Apenas había vuelto a colocar la unidad piloto en su escondrijo detrás de la guantera, la lucecita roja empezó a destellar con rápidas intermitencias junto al teléfono del coche.
Bond se apresuró a pulsar el grueso botón de mando, carente de toda indicación, para conectar el desmodulador de la minicomputadora y la pantalla. El rápido parpadeo de la lucecita, no mayor que la cabeza de un alfiler, señalaba que la unidad de almacenamiento contenía un mensaje de Londres.
El superagente activó con presteza los dispositivos pertinentes y pulsó las teclas que daban entrada al mensaje cifrado.
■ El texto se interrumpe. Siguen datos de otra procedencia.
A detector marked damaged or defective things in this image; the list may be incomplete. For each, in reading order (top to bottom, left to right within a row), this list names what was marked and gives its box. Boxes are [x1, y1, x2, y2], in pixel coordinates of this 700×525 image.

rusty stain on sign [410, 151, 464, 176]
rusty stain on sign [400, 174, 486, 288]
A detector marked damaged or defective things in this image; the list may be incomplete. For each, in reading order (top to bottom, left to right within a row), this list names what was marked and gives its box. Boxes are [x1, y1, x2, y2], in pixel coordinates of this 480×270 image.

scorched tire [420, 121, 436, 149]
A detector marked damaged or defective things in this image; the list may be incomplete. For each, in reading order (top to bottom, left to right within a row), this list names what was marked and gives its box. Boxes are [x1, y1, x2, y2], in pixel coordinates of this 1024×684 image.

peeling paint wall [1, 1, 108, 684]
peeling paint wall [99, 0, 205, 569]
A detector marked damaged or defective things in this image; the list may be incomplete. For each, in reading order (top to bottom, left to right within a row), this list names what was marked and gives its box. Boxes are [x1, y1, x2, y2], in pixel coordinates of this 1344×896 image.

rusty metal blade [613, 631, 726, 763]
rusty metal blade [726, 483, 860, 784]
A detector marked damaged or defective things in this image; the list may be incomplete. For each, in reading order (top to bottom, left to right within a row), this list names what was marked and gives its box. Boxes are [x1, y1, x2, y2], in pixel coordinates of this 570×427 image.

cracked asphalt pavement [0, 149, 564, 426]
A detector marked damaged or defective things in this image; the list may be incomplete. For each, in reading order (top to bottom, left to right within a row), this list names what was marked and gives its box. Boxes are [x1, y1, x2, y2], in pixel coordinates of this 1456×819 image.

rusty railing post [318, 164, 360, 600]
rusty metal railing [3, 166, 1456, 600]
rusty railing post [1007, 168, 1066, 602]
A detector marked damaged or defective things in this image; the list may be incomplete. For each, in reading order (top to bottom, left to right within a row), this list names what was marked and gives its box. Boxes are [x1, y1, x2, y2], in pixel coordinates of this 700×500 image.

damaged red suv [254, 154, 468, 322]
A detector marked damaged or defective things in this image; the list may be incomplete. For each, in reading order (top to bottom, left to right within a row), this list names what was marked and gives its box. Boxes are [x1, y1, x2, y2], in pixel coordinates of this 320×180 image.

A los pocos segundos, la pequeña pantalla, del tamaño de un libro de bolsillo, se llenó de grupos de letras. Bond tocó suavemente unas cuantas teclas más y las letras formaron un revoltijo aún más intrincado, hasta que desaparecieron de la imagen. Mientras el ordenador empezaba a procesar los datos, el artilugio zumbó y emitió leves chasquidos. De repente surcó la pantalla una línea móvil integrada por nítidos caracteres de imprenta. El texto del mensaje decía así:
DEL JEFE DEL SERVICIO A 007 MENSAJE RECIBIDO NECESARIO ABORDE ASUNTO VON GLÖDA CON GRAN PRECAUCION REPETIMOS CON LA MAYOR PRECAUCIÓN IDENTIFICACION POSITIVA REPITO IDENTIFICACION POSITIVA VON GLÖDA ES CRIMINAL GUERRA NAZI AARNE TUDEER MUY POSIBLE SU HIPÓTESIS SEA CORRECTA CUANDO TOME CONTACTO ADVERTIRME SIN DEMORA Y ABANDONAR CAMPO OPERACIONES ES UNA ORDEN SUERTE «M»
De modo que M estaba lo bastante preocupado como para ordenarle que cesara en su línea de actuación cuando estuviese demasiado cerca del personaje, se dijo Bond para sus adentros. Por su mente cruzaron otras expresiones más o menos sombrías relacionadas con la palabra línea, tales como «llegar al extremo de la línea», «línea de fuego», o «estar vencido en toda la línea», como sinónimo de traición, expresiones todas ellas muy adecuadas a las presentes circunstancias.
Tras haberse asegurado de que el coche quedaba bien cerrado, Bond volvió a su habitación y pidió que le sirvieran algo de comida y más vodka. Los tres expedicionarios habían convenido que permanecerían en sus respectivos cubículos hasta el momento de la cita, en el lugar donde estaban aparcados los vehículos.